Sebenarnya, dia sudah memperkirakan bahwa menyandera para pangeran akan menimbulkan efek bumerang. Lagipula, para pangeran bukanlah raja, jadi kata-kata mereka tidak terlalu berarti. Itulah mengapa dia sudah memperkirakan bahwa akan dibutuhkan beberapa upaya untuk mendapatkan ganti rugi perang. Namun, dia tidak menyangka bahwa aliansi itu akan terbentuk dan mengunjunginya secepat ini; Fei mencium sesuatu yang mencurigakan.
“Biarkan sipir Oleg mengurus para raja ini dengan baik. Buat mereka mengakui bagaimana mereka merencanakan dan melaksanakan perjalanan ini. Aku perlu mengetahui setiap detail tentang mengapa sembilan kerajaan ini bersatu!” Fei kemudian menepuk anjing hitam besar itu dan mulai berjalan menuju Kota Chambord.
Pertempuran ini dimenangkan dengan mudah.
Bahkan, dengan kekuatan Kota Chambord saat ini, awalnya tidak perlu melakukan begitu banyak liku-liku untuk memenangkan pertempuran. Mereka hanya perlu mengirimkan pasukan keluar dari Kota Chambord untuk dengan mudah mengatasi masalah ini, tetapi Fei ingin menggunakan pertempuran sederhana ini untuk melatih para prajurit Chambord. Dia ingin membantu mereka terbiasa dengan berbagai aspek perang, mulai dari perencanaan, kerja sama, penempatan garda depan, mengikuti perintah, dan sebagainya. Selain itu, Fei juga ingin mereka bersentuhan langsung dengan pertempuran jarak dekat, kematian, dan darah. Dia tahu bahwa pasukan yang kuat tidak hanya membutuhkan kekuatan luar biasa, tetapi juga tekad dan keteguhan hati. Fei dapat menggunakan [Ramuan Hulk] dan barang-barang lain dari Dunia Diablo untuk meningkatkan kekuatan tentaranya, tetapi dia tidak dapat membuat mereka terbiasa dengan sisi perang yang berdarah dan tanpa ampun. Hal-hal ini hanya dapat dirasakan dan dipelajari di medan perang yang sebenarnya. Kota Chambord adalah kerajaan kecil di perbatasan pedesaan, jadi kota itu belum pernah mengalami perang sungguhan selama bertahun-tahun. Pertempuran dengan Pasukan Lapis Baja Hitam dihitung sebagai satu, tetapi itu adalah kasus di mana mereka dipaksa untuk bertarung, dan berbeda dengan kali ini, di mana mereka mengambil inisiatif dalam pertempuran.
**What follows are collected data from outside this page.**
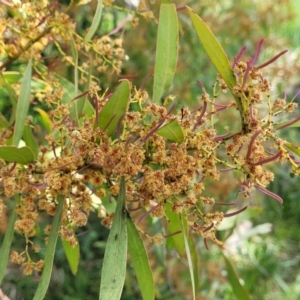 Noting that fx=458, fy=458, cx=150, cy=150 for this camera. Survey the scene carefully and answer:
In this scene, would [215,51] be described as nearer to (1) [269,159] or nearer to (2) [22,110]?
(1) [269,159]

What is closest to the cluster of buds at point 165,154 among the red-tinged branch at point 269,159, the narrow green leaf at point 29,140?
the red-tinged branch at point 269,159

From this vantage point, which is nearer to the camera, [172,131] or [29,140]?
[172,131]

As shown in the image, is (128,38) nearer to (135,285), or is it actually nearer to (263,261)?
(135,285)

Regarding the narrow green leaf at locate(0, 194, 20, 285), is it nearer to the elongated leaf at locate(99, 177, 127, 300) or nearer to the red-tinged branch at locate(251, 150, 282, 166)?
the elongated leaf at locate(99, 177, 127, 300)

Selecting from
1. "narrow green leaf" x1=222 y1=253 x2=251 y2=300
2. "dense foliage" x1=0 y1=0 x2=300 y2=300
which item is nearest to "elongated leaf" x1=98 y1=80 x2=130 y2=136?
"dense foliage" x1=0 y1=0 x2=300 y2=300

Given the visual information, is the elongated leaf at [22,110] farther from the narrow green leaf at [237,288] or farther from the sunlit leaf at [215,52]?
the narrow green leaf at [237,288]

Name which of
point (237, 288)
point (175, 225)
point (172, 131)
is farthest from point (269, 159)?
point (237, 288)
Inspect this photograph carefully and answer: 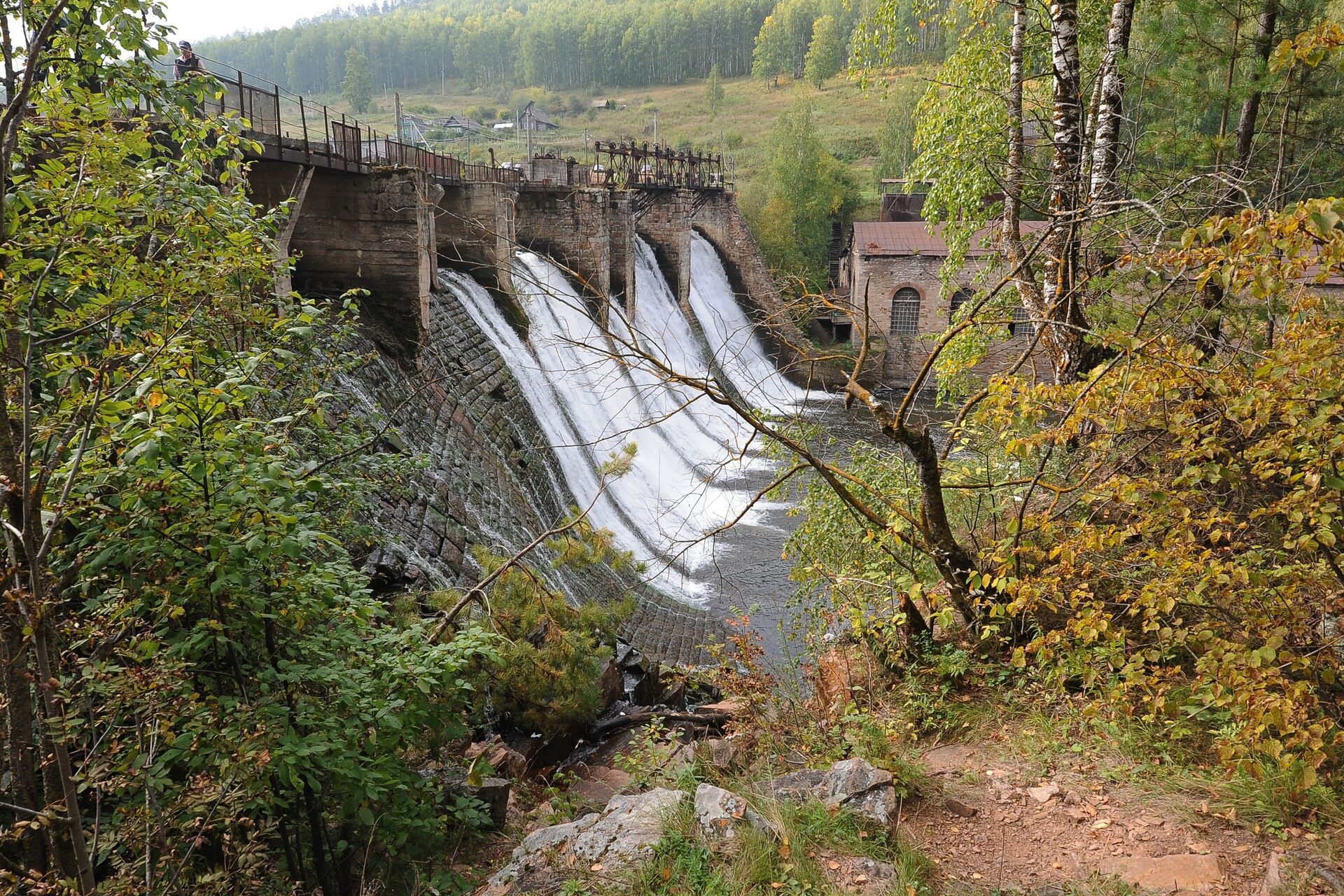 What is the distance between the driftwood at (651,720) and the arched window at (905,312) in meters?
24.4

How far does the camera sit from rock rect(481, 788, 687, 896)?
4.04 meters

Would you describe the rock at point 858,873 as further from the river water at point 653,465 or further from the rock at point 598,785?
the river water at point 653,465

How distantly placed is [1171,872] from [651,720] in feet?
17.4

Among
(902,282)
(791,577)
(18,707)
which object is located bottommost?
(791,577)

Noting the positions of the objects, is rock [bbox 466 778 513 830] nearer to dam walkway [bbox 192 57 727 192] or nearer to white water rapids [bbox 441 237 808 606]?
dam walkway [bbox 192 57 727 192]

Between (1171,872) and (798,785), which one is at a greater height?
(1171,872)

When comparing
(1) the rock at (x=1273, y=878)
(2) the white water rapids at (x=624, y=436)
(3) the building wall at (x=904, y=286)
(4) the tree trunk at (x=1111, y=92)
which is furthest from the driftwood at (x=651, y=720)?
(3) the building wall at (x=904, y=286)

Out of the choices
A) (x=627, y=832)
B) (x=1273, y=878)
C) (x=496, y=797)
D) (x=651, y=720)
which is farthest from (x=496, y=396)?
(x=1273, y=878)

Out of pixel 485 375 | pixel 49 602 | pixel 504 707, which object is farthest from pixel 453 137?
pixel 49 602

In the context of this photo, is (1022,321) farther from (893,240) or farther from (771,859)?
(893,240)

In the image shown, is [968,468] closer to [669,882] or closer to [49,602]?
[669,882]

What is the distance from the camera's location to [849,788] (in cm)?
418

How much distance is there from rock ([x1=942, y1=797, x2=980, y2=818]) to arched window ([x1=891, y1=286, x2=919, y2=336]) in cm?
2759

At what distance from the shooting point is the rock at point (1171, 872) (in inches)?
137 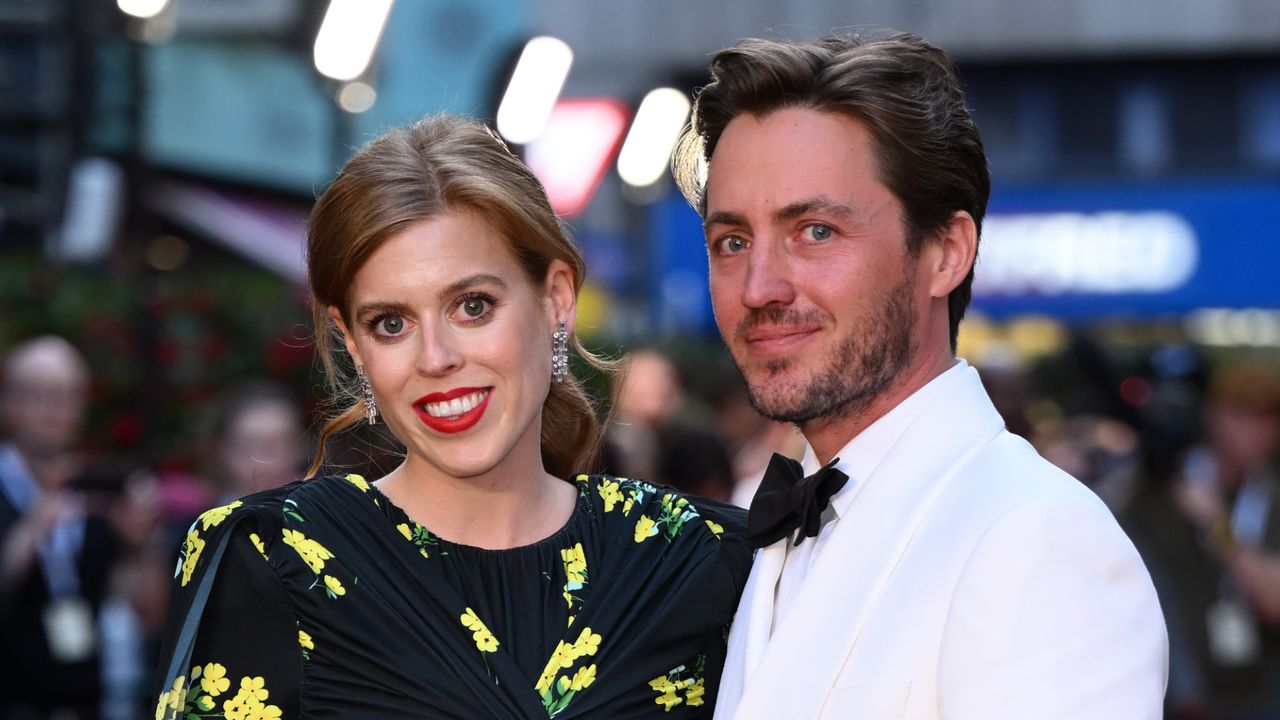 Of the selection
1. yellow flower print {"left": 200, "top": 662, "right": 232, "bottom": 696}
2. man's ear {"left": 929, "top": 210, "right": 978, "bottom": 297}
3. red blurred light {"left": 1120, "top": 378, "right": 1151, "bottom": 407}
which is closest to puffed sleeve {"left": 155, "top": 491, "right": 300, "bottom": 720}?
yellow flower print {"left": 200, "top": 662, "right": 232, "bottom": 696}

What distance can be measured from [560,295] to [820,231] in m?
0.66

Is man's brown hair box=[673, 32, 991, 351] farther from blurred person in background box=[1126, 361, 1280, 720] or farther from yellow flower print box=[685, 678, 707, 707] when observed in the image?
blurred person in background box=[1126, 361, 1280, 720]

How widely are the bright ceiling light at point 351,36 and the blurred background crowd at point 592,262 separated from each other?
2 cm

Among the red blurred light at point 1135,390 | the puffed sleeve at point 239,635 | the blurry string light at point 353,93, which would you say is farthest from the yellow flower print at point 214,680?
the blurry string light at point 353,93

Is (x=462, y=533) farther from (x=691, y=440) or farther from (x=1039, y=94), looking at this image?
(x=1039, y=94)

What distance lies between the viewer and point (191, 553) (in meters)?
2.82

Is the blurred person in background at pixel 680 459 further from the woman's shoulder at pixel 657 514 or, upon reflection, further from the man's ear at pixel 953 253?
the man's ear at pixel 953 253

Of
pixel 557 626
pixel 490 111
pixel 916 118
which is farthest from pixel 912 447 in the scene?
pixel 490 111

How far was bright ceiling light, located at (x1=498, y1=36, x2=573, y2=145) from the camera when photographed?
30.1 feet

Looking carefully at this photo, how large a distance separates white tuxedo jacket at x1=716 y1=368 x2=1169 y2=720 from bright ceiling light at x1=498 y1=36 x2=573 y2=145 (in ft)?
21.7

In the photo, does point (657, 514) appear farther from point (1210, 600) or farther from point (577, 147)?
point (577, 147)

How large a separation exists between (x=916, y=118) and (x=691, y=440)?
147 inches

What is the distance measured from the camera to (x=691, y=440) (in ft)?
21.1

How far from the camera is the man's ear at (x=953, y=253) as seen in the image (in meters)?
2.83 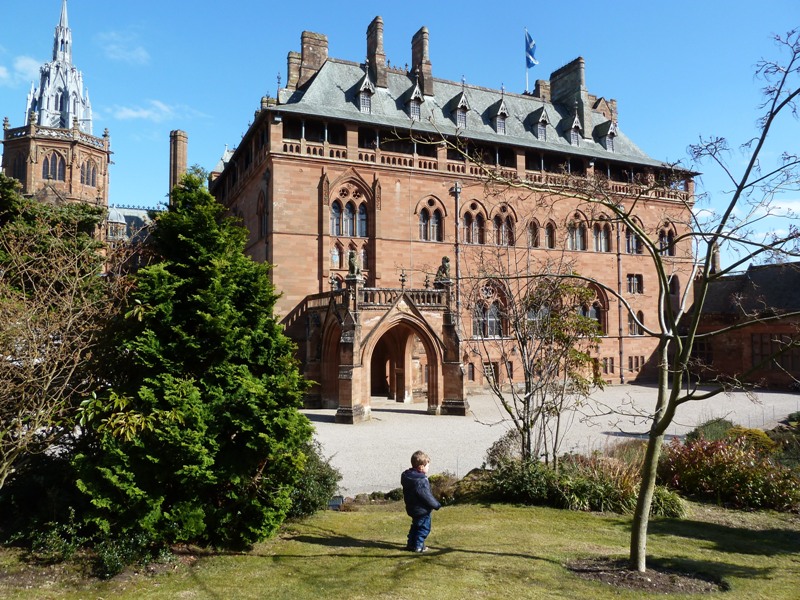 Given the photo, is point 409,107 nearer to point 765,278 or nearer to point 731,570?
point 765,278

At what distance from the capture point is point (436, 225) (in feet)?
105

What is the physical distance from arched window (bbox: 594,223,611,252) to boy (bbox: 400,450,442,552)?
104ft

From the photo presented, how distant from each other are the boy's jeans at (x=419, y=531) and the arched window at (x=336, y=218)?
23.0m

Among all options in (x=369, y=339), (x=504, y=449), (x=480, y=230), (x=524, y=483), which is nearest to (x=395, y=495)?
(x=504, y=449)

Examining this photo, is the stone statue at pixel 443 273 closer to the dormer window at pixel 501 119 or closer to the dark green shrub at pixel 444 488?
the dark green shrub at pixel 444 488

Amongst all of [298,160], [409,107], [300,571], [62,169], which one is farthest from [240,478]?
[62,169]

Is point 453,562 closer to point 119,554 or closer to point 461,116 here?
point 119,554

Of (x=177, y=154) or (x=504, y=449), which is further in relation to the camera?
(x=177, y=154)

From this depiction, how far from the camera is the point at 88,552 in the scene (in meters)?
7.37

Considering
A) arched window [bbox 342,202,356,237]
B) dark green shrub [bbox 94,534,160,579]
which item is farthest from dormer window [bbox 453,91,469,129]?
dark green shrub [bbox 94,534,160,579]

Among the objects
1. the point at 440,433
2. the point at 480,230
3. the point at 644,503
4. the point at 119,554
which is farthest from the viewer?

Inilah sebabnya Fei memperpanjang perang ini, yang seharusnya bisa diselesaikan dalam sepuluh menit, dan membutuhkan waktu 2 jam untuk menyelesaikan pertempuran.
Fei perlahan berjalan menuju gerbang, dan matanya menyapu wajah para prajurit.
Fakta membuktikan bahwa usaha keras Fei hari ini tidak sia-sia, karena di mata para prajurit ini, selain sedikit kepanikan, Fei melihat semangat yang lebih teguh dan berani… Mereka mulai beradaptasi dengan pertempuran seperti ini.
Darah dan api adalah cara termudah untuk membuat seseorang berkembang.
Pertempuran ini adalah kemenangan total!